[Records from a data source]

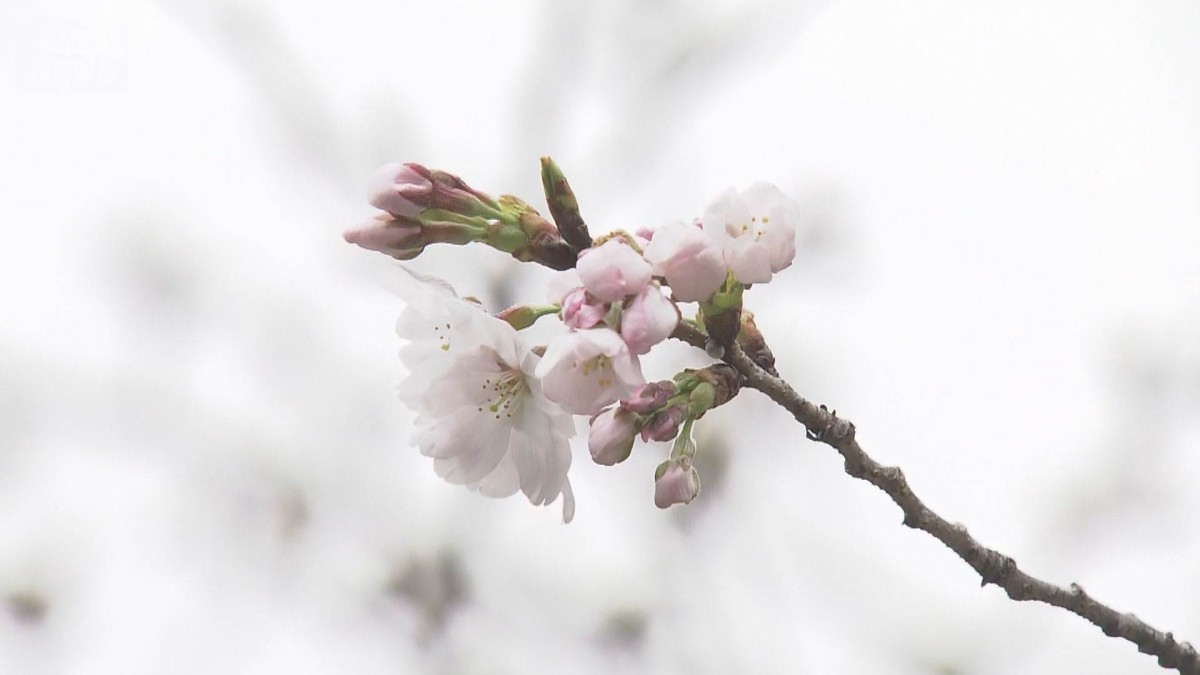東京のソメイヨシノ開花を発表　平年より5日早く関東では今年初　気象庁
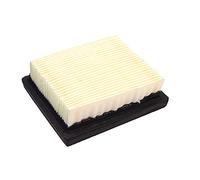 Tecumseh 36046 Air Filter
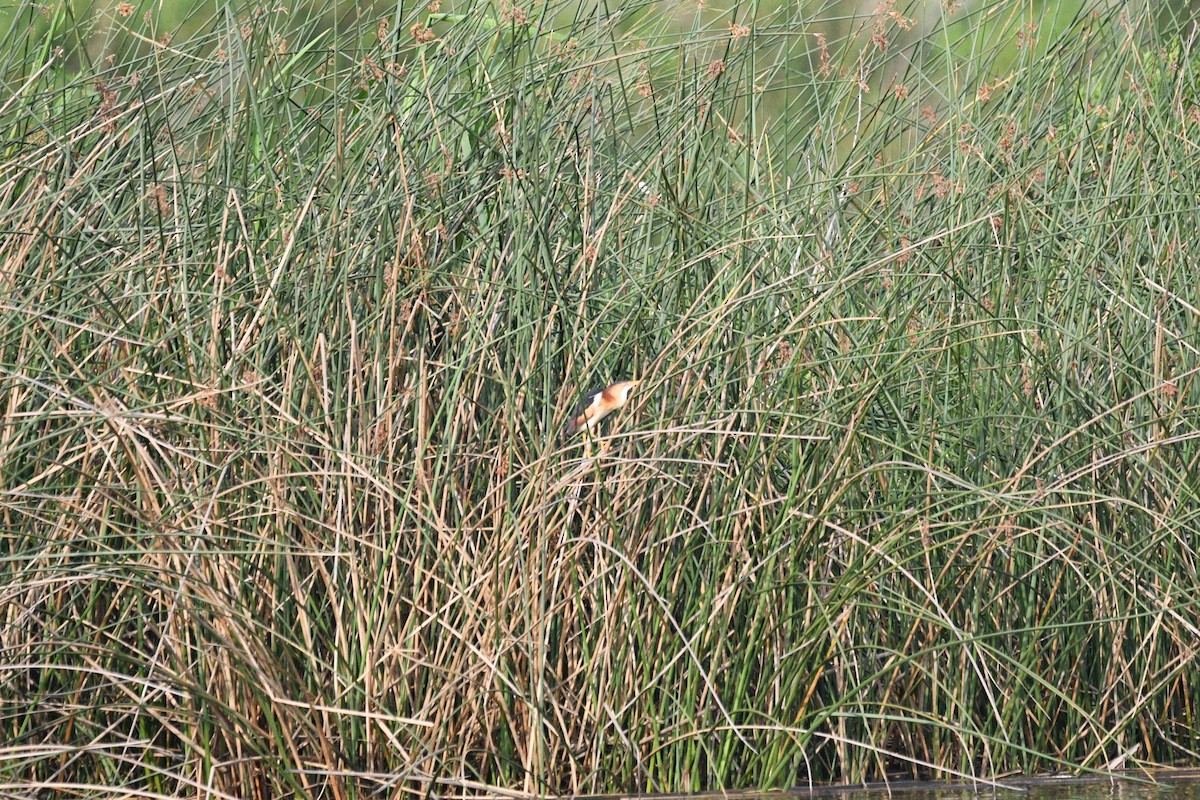 Least Bittern - ML619531973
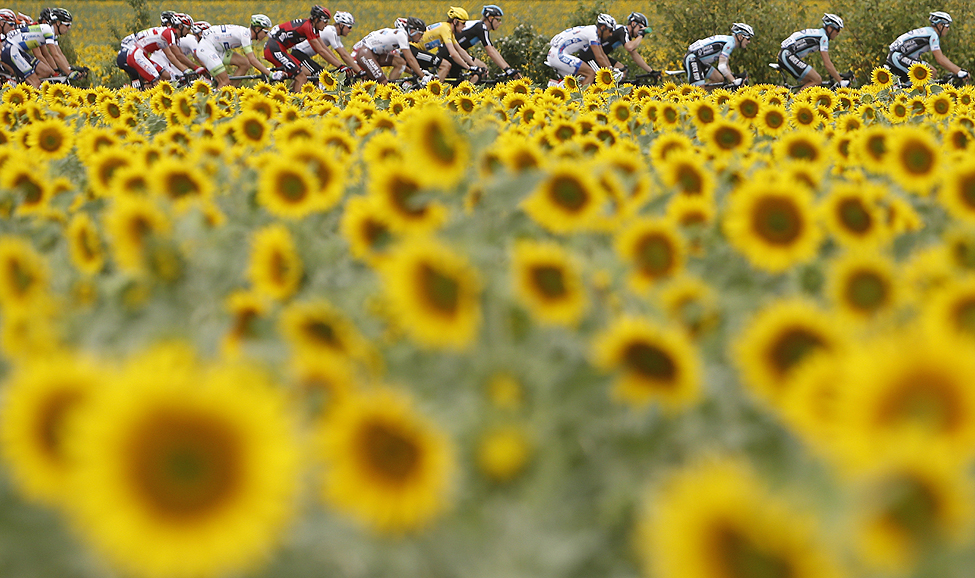 Cycling Tour de France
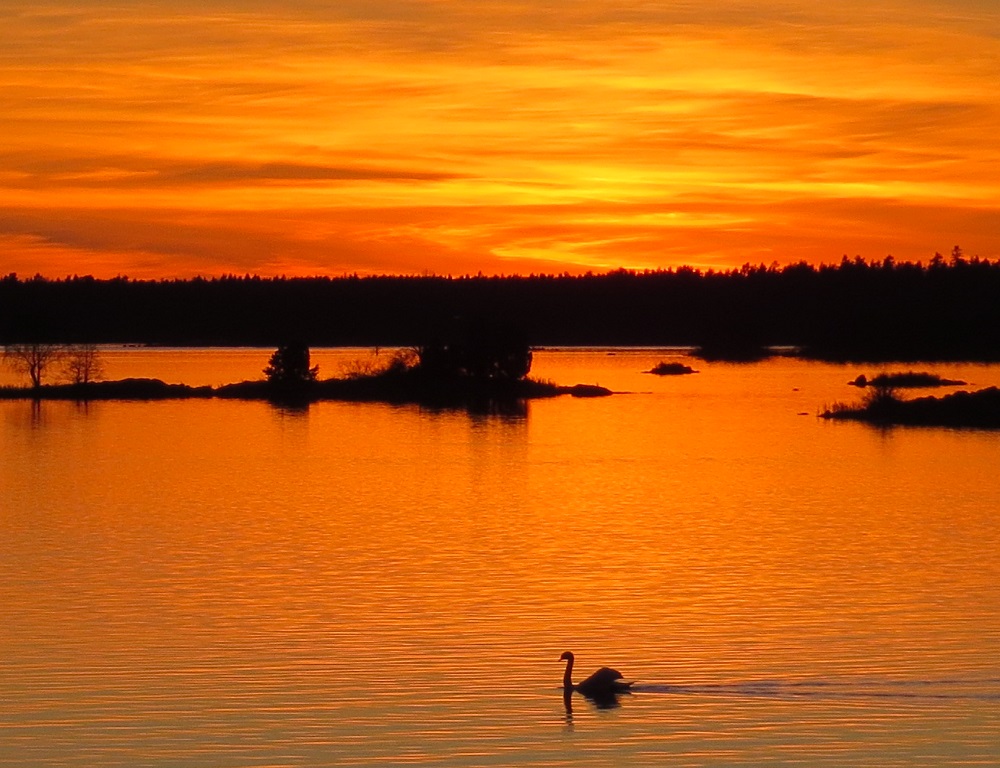 sverige home nan co tat Herbst.jpg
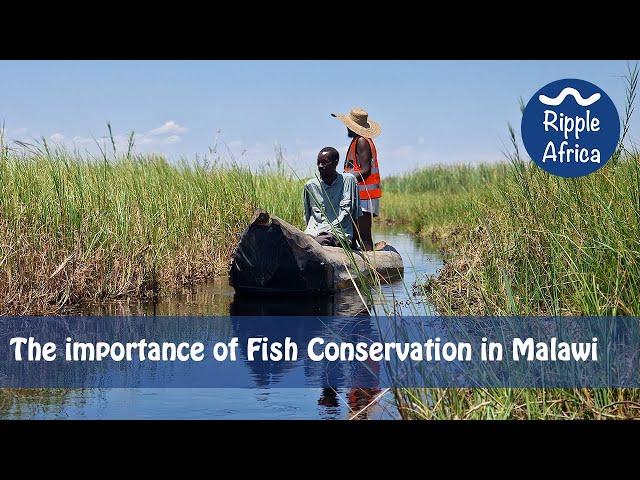 The importance of Fish Conservation in Malawi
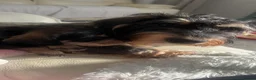 Dachshund dogs for sale: READY To LEAVE dachshund  k c wire haired puppy’s  - Advert 9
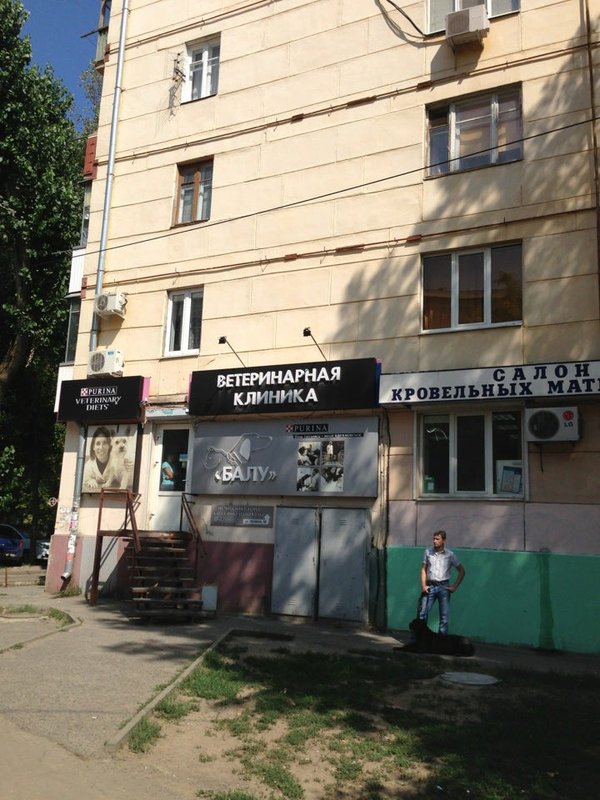 ветклиника на ленина ростов на дону. ветклиника на плиева ростов-на-дону. ветклиника на ленина ростов на дону. айболит ветеринарная клиника кызыл. ветеринарная клиника ростов на дону центр.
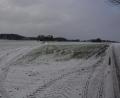 Bild: jr
Knapp 13 Hektar groß ist die Fläche, auf der der "Solarpark Leonberg" geplant ist. Das Areal liegt im Bereich zwischen dem Gut Altenhammer und Kondrau, zwischen dem Fuß- und Radweg (rechts) Richtung Waldsassen und der früheren Bahnlinie.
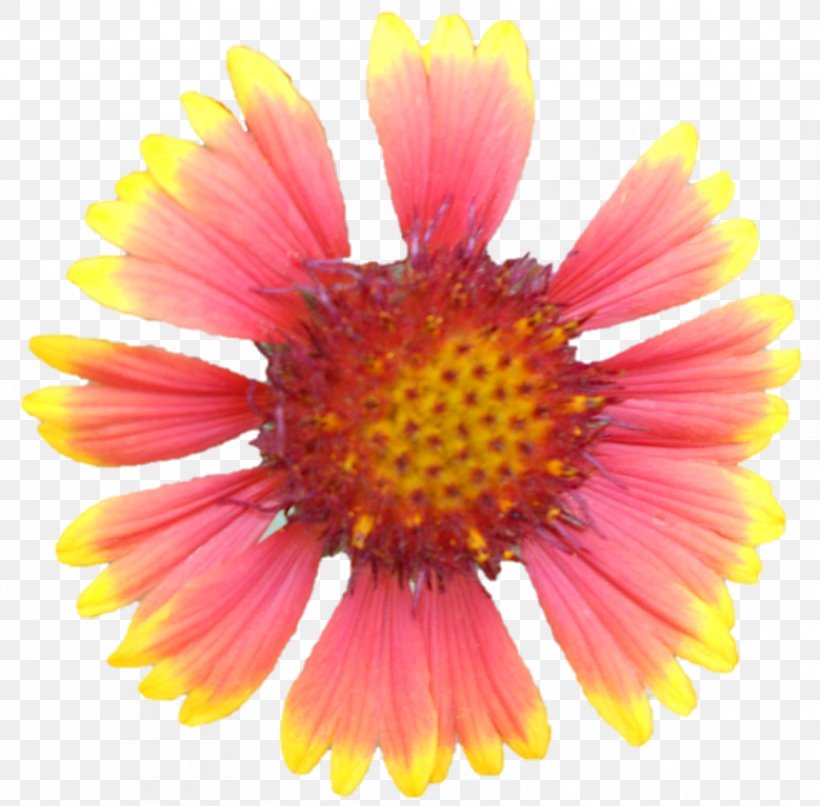 Blanket Flowers Chrysanthemum Cut Flowers Petal Wildflower, PNG, 887x872px, Blanket Flowers, Annual Plant, Aster, Blanket, Chrysanthemum Download Free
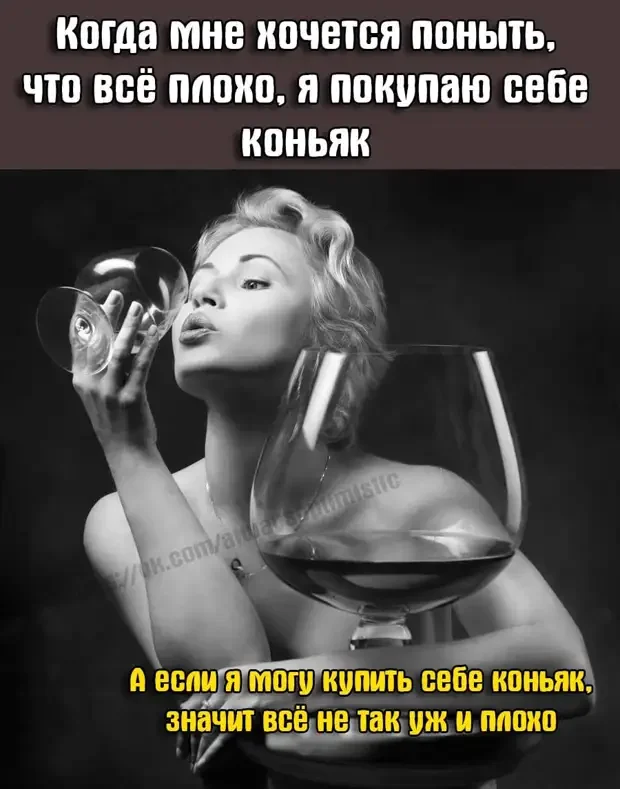 Уморительные истории и анекдоты для отличного настроения анекдоты, юмор, смешные истории, подборка, про жизнь, про котов, про блондинок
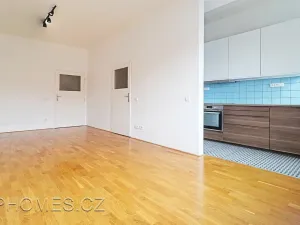 Pronájem bytu 2+kk, Praha - Nusle, U čtyř domů, 62 m2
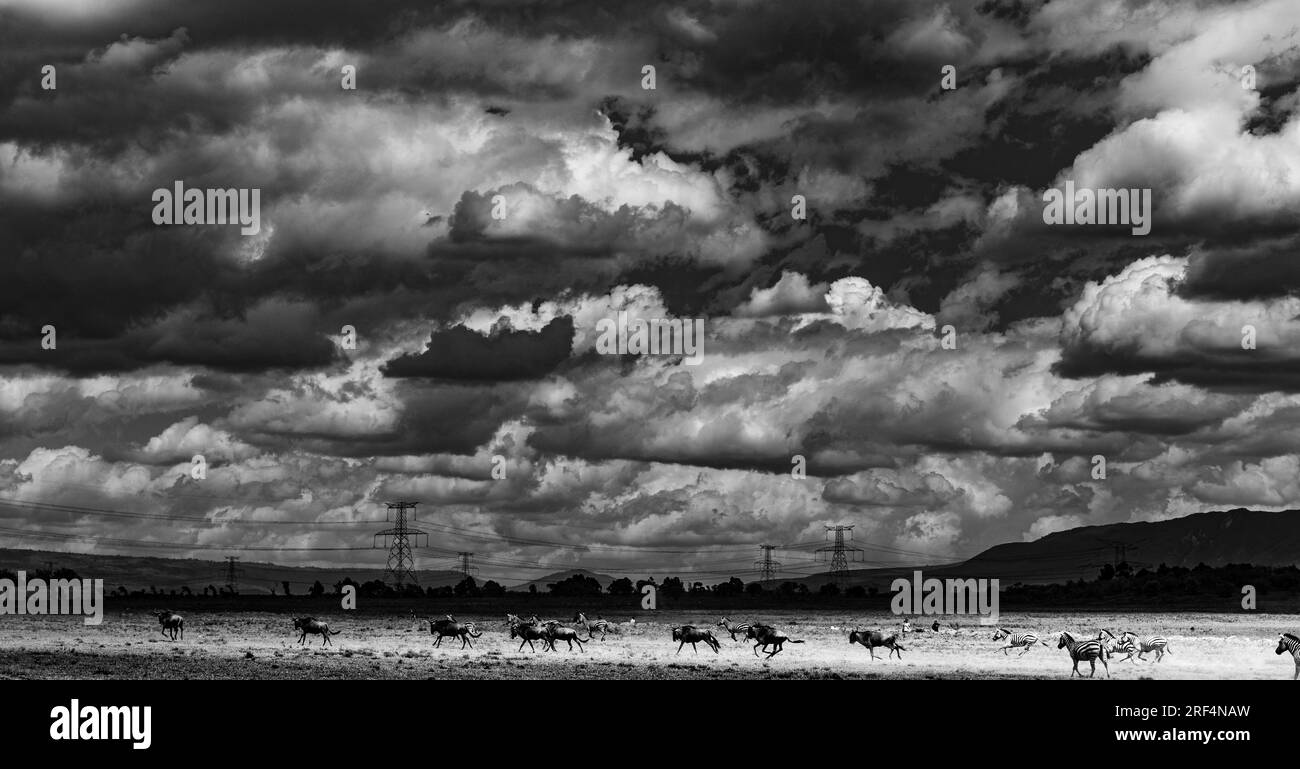 Il parco nazionale di Hell's Gate si trova a sud del lago Naivasha in Kenya, a nord-ovest di Nairobi. Il parco nazionale di Hell's Gate prende il nome da una stretta pausa nel Foto Stock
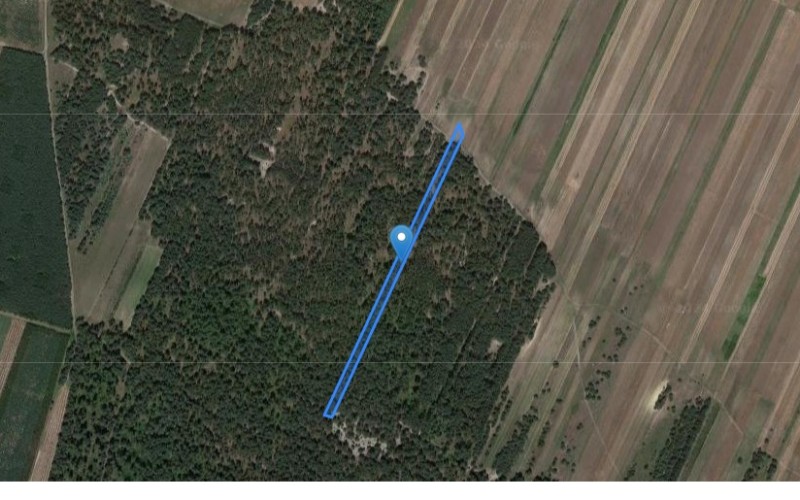 Grunt w miejscowości Zarębice, Zarębice (śląskie). Działka numer: 249. Działki i grunty. Zarębice, 42-250, Zarębice, (woj. śląskie)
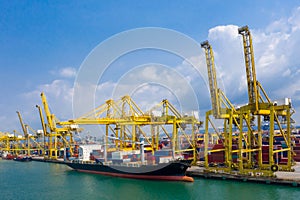 Shipping port and shipping containers with crane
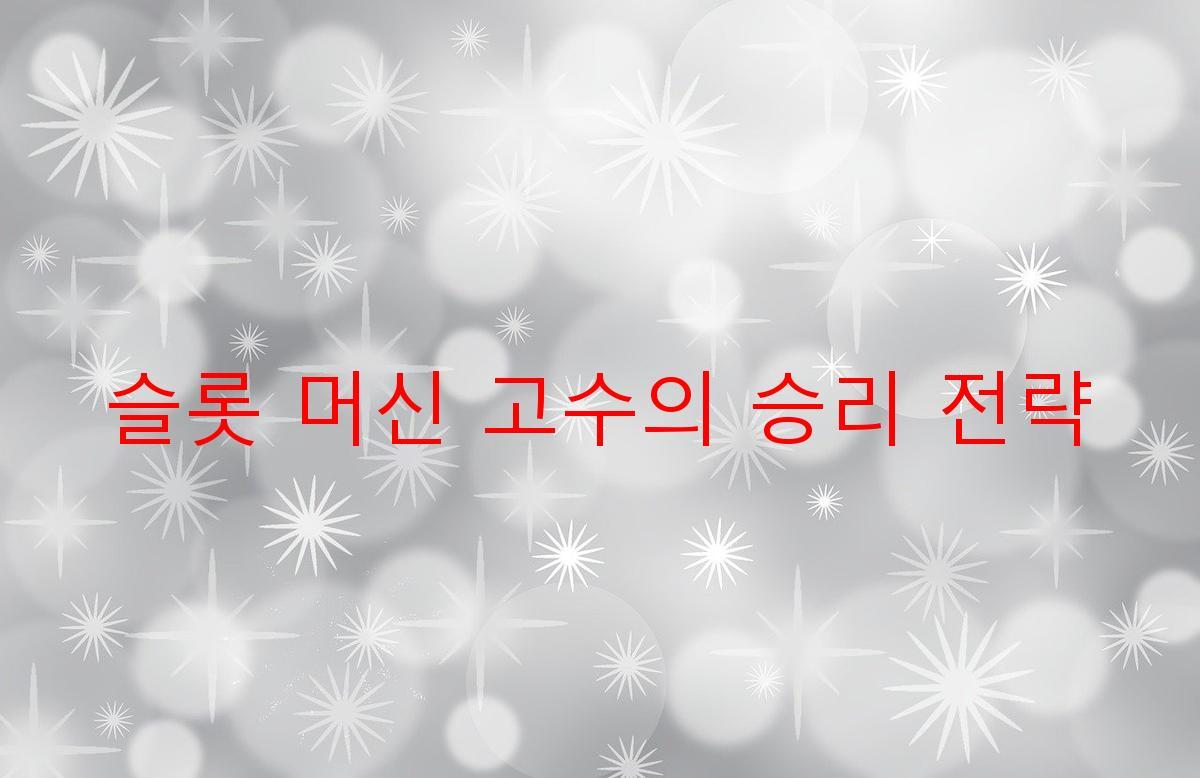 슬롯 머신 고수의 승리 전략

**INSTRUCTIONS FOR THE TASK**
Your copy should hold exactly the lines from the line bearing "Shipping port and" through the end of the data, both included, and no pictures or anything further.

**SOLVED EXERCISE**
 Shipping port and shipping containers with crane
 슬롯 머신 고수의 승리 전략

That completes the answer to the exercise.